Moving day is always tough for fish, because of the water thing. They’re forced at net-point to gather their belongings, which, unlike what’s allowed on flights, can only be in liquid-form, meaning that treasure chests, spacemen and castles must be left behind. At Volunteer Park on Wednesday, the 30 or so elusive koi were eventually scooped into nets and frozen in suspended animation, so future generations who weren’t so careless could watch over them. That’s clearly a lie. The koi are actually being quarantined for the winter until the Washington Koi Association finds them new homes (oh, koi get an association, but I try to start a dung beetle association and no one joins).
What exactly are koi? How are they different from a microwave? Well, koi were originally bred for color from common carp in Japan in the 1800s. “Koi” is a Japanese word that simply means “carp,” though what we refer to as koi are called “nishikigoi” in Japan, meaning “brocaded carp.” You can look up the meaning of “brocaded” yourself. I think it means that someone was made to look more like a bro. “You better get brocaded if you want to get laid this semester,” college students often say.

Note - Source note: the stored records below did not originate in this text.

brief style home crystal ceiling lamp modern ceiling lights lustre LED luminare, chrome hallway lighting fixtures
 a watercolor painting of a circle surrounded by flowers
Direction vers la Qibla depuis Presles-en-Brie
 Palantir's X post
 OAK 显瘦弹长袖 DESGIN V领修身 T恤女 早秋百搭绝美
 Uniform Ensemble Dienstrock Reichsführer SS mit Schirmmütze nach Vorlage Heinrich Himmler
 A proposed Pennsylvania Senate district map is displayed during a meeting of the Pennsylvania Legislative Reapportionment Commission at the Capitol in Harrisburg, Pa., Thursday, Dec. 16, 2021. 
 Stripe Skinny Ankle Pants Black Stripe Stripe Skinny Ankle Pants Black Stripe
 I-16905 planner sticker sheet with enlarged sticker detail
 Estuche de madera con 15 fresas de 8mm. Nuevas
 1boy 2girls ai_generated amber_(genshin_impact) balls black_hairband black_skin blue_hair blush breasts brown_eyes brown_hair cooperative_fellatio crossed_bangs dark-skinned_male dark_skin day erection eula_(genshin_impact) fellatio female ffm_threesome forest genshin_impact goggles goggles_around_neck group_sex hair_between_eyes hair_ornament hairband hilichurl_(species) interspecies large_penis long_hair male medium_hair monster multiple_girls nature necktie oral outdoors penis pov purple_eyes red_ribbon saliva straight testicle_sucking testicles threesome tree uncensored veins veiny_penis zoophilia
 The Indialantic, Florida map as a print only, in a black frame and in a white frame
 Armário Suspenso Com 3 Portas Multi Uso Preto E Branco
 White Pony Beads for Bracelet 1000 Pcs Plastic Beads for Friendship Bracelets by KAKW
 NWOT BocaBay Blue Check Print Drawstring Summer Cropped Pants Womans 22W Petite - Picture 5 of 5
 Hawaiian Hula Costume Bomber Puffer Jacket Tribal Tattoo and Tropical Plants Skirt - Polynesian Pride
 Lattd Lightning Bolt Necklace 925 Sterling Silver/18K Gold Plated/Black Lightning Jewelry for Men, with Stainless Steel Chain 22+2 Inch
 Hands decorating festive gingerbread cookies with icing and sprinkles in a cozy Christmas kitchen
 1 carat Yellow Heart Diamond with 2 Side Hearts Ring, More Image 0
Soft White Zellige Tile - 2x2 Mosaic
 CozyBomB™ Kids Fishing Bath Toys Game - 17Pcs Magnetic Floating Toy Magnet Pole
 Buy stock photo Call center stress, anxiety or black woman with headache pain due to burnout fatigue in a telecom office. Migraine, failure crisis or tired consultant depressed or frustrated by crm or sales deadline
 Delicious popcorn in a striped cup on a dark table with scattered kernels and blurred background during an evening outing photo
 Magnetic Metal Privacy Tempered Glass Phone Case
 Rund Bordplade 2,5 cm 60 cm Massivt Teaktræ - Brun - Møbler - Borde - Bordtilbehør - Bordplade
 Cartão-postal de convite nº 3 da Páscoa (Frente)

People frequently confuse koi for goldfish. If you mistake a koi for a goldfish, the koi will get angry and yell, “Do I look like a fucking goldfish, you goddamn racist?!?” It’s a common mistake, and very understandable since goldfish and koi were both bred from carp. So, to help you avoid embarrassing yourself in front of a school of koi, allow me to outline the primary differences.
Goldfish tend to be a little smaller and less colorful than koi, and have a greater variety of shapes. Koi also have barbels sticking out, a whisker-like protuberance that makes kissing difficult. If you’re about to flush it down the toilet, it’s a goldfish (since koi are bigger and much more expensive, they tend to avoid this fate). Koi like “Star Trek,” goldfish prefer “Star Wars.” Neither can drive a manual car, but koi are more likely to give you a lift, because they’re better friends. I hope that helped, and if a goldfish is reading this right now and wants to keep pretending to be a koi, all the power to you. Remember, species is just a state of mind (it’s not, but whatever).
Though the koi at the Japanese Garden pond are staying (it’s a bigger pond and has a recirculation filter system that keeps it clean), I will be sad to see these koi go. Many a day I’d sit by the koi and tell them my problems, never feeling judged or scolded like I do with goldfish. They were so beautiful, so pleasant, though I wouldn’t let one borrow money or stay in my apartment.
Now that they’re gone, the lily pads, frogs and goldfish will likely take over, erasing all memory of the kois’ existence. And, perhaps, I might take this as an opportunity to fill the pond will my collection of Dalmatian dragon starfish, if no one minds. But for now, let us remember the koi, and wish them a safe journey. Here’s looking at you, koi. Here’s looking at you.
One last thing: if the ponds in Capitol Hill aren’t safe for koi, what the hell are we doing here?